SETELAH mendapat kabar bahwa perempuan dari
masa lalu yang saya tiba-tiba mimpikan akhir Juli 2025 lalu, yang mendorong
pencarian saya akan keberadaannya kini, ternyata telah meninggal sekitar 27
tahun yang lalu, saya melampiaskannya dengan menguras kesedihan saya. Hingga
yang tersisa adalah kesadaran untuk apa yang selalu Bapak nasihati: “Latihan
saja, Nak.”
Pengalaman saya dengan mimpi serta kerinduan
saya pada perempuan itu telah mengajarkan ke saya mengenai hubungan jiwa ke
jiwa. Bahwa jiwa-jiwa dapat saling membantu. Jiwa orang yang masih hidup dapat
terkoneksi dengan jiwa orang yang sudah meninggal dan membantunya menemukan
ketenangan di alam “sana” atau membimbingnya ke jalan kembali kepada Sang
Pencipta.
Berikut tiga cuplikan dari ceramah-ceramah Bapak
yang berbeda terkait apa yang bisa dilakukan anggota Subud untuk kerabat dan
sahabat mereka yang sudah meninggal.
LATIHAN UNTUK ORANG
YANG SUDAH MENINGGAL
Cuplikan ceramah Bapak
“Tuan-tuan, nyonya sekalian. Memang tidak ada
salahnya dan termasuk pekerjaan yang utama untuk menolong sesamanya. Tetapi
perlu diingat, bahwa pertolongan yang diberikan kepada siapa yang diinginkan
itu pertolongan apa sifatnya? Karena pertolongan yang diberikan—apa yang telah
Bapak dengar di sini—ialah pertolongan, agar jiwa orang yang mati dapat naik ke
atas atau dapat menemukan jalan yang utama. Itu tidak mungkin dapat dijalankan—dikerjakan—oleh
seseorang yang dirinya sendiri belum sempurna. Sehingga pertolongannya kepada
orang yang mati, yang diharapkan itu, tidak merupakan pertolongan malah
merupakan kegelapan bagi yang mati itu.
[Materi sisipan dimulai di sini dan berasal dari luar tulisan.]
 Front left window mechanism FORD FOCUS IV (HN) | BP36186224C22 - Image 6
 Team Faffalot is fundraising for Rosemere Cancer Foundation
Jadi, mestinya menolong, malah
sebaliknya membuntu jalannya, karena pertolongan yang diberikan itu belum
pertolongan yang sempurna, belum pertolongan yang sunguh-sungguh diperlukan bagi
menaikkan derajat jiwa manusia yang telah meninggal dunia itu. Hanya,
dapat tidak merupakan memberi pertolongan, tetapi dimohonkan kepada Tuhan,
entah bagaimana Tuhan akan kehendakNya tentang atas jiwa orang yang meninggal
itu. Jadi, saudara hanya dapat memohonkan kepada Tuhan, agar Tuhan memurahi,
memberi jalan kepada orang yang meninggal itu, agar dapat jalan yang
baik, apabila Tuhan menghendakinya. Jadi, hanya memohonkan, bukan suatu
pertolongan yang lancarkan kepada jiwa orang yang telah meninggal dunia
itu.
Dan dalam mengerjakan permohonan kepada
Tuhan, juga sifatnya saudara-saudara berlatih, sehingga keputusan tentang
diberkahi atau tidak itu tergantung kepada Tuhan sendiri. Dan saudara-saudara
yang menjalankan Latihan yang demikian itu juga akan menerima sendiri bagaimana
yang mesti diterima bagi dirinya sendiri. Artinya, meskipun dalam Latihannya itu
tujuannya memohonkan ampun dosanya orang yang meninggal itu, tokh
dengan sendirinya tidak akan merobah dirinya orang yang memohonkan itu, agar
dirinya sendiri juga dapat menerima apa yang dibutuhkan bagi dirinya sendiri.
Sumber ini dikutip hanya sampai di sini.